• Aim of the exercise: Copy the lines exactly. Begin at the first line of the data and stop after the line with "Certified 2024 CADILLAC CT5 Luxury Car".

Stored data
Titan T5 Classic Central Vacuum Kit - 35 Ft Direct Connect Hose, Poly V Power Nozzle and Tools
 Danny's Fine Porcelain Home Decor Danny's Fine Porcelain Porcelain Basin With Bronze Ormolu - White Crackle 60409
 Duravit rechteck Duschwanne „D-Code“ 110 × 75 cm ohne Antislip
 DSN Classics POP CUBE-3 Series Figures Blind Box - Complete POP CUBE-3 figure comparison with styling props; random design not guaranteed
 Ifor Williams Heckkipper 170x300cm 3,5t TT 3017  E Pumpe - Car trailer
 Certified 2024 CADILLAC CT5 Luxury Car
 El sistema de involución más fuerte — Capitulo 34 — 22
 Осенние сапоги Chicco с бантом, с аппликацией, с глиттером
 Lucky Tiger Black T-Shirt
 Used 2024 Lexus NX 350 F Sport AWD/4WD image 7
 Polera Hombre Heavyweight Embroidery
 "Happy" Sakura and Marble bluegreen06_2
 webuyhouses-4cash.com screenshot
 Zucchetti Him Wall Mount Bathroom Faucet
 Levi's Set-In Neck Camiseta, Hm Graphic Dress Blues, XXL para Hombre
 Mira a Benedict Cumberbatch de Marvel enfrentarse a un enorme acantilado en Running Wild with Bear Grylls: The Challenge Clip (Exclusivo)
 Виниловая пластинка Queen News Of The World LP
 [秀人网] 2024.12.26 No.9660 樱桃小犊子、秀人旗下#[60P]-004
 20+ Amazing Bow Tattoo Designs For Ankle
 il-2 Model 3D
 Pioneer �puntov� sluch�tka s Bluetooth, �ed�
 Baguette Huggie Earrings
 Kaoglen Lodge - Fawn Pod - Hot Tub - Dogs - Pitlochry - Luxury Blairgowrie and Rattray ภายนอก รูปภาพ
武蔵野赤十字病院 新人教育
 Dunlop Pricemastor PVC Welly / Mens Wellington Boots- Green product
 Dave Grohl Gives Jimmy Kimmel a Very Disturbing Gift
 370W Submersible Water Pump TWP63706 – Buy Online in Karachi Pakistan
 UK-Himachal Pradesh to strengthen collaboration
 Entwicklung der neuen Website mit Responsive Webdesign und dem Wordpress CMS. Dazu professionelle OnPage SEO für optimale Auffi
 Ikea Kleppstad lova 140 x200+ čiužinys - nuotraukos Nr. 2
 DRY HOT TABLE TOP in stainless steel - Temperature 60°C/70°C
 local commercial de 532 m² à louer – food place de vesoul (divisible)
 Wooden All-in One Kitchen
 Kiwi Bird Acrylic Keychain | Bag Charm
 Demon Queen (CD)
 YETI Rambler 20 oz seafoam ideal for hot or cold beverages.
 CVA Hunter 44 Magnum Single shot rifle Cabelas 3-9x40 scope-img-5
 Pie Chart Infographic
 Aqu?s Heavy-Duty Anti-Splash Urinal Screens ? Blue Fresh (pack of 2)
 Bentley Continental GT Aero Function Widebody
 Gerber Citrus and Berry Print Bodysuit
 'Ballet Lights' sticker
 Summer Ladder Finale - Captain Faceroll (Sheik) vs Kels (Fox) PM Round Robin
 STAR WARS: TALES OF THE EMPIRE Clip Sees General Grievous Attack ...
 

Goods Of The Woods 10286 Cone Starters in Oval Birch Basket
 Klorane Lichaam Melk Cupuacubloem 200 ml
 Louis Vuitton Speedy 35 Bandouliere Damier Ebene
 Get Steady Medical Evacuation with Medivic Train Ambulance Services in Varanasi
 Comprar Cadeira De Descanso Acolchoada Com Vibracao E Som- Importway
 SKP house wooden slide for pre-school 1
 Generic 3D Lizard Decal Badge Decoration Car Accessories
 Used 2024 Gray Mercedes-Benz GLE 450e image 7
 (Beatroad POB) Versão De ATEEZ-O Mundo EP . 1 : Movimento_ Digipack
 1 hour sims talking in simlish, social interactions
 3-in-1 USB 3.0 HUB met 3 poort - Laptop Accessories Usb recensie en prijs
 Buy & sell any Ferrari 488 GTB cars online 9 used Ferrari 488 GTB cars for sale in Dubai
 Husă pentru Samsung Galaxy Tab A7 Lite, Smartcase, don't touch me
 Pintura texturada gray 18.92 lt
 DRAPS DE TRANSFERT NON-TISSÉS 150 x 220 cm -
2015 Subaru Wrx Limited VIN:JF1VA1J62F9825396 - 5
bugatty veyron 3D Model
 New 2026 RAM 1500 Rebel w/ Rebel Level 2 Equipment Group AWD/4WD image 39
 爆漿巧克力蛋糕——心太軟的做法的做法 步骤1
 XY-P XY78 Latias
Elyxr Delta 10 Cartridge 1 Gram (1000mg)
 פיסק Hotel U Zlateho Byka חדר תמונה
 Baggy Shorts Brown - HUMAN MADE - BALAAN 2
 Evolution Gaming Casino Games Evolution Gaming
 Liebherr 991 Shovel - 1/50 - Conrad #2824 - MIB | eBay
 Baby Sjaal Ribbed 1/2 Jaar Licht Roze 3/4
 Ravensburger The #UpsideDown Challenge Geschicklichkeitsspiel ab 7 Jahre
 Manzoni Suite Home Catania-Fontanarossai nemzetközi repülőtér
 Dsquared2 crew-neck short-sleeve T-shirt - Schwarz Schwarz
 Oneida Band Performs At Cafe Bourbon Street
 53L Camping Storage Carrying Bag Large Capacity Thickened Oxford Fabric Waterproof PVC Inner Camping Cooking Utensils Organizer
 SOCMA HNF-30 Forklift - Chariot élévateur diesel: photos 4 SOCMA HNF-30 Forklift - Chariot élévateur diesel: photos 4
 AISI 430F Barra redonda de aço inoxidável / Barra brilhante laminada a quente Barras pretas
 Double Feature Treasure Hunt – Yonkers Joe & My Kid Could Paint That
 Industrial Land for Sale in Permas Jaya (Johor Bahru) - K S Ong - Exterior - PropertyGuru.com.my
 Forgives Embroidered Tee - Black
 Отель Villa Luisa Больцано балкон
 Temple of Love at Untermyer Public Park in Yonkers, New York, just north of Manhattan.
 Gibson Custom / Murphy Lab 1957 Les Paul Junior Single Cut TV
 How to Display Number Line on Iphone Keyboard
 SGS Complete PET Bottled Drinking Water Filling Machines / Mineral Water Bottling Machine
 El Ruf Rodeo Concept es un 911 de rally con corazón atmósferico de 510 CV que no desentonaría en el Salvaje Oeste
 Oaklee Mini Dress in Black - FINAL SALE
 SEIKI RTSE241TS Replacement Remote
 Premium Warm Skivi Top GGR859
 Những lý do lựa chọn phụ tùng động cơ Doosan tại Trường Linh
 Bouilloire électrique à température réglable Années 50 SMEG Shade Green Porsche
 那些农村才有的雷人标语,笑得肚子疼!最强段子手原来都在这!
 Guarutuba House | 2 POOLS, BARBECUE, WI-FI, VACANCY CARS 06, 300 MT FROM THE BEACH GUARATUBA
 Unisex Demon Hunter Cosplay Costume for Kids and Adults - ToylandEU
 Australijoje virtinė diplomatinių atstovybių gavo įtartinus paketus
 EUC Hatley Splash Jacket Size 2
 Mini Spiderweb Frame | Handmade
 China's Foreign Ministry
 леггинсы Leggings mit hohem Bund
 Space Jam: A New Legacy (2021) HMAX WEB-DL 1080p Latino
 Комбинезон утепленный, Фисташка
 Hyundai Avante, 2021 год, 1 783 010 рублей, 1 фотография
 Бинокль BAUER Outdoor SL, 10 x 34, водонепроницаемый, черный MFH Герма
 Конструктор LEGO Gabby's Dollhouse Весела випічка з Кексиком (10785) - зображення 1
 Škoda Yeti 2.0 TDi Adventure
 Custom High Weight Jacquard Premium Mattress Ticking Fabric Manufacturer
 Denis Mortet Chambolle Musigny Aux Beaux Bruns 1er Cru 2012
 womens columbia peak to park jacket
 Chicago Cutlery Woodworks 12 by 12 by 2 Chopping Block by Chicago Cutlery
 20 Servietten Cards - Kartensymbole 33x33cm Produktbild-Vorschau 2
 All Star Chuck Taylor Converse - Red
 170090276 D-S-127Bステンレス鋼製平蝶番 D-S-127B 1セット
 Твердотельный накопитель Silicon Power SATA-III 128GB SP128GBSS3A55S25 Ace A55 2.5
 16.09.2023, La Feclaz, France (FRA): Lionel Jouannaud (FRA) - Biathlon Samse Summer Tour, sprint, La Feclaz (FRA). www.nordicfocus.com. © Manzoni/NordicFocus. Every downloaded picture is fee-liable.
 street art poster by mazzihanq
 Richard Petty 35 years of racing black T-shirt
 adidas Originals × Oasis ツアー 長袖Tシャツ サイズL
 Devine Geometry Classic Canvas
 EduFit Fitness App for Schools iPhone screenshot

• Answer:
Titan T5 Classic Central Vacuum Kit - 35 Ft Direct Connect Hose, Poly V Power Nozzle and Tools
 Danny's Fine Porcelain Home Decor Danny's Fine Porcelain Porcelain Basin With Bronze Ormolu - White Crackle 60409
 Duravit rechteck Duschwanne „D-Code“ 110 × 75 cm ohne Antislip
 DSN Classics POP CUBE-3 Series Figures Blind Box - Complete POP CUBE-3 figure comparison with styling props; random design not guaranteed
 Ifor Williams Heckkipper 170x300cm 3,5t TT 3017  E Pumpe - Car trailer
 Certified 2024 CADILLAC CT5 Luxury Car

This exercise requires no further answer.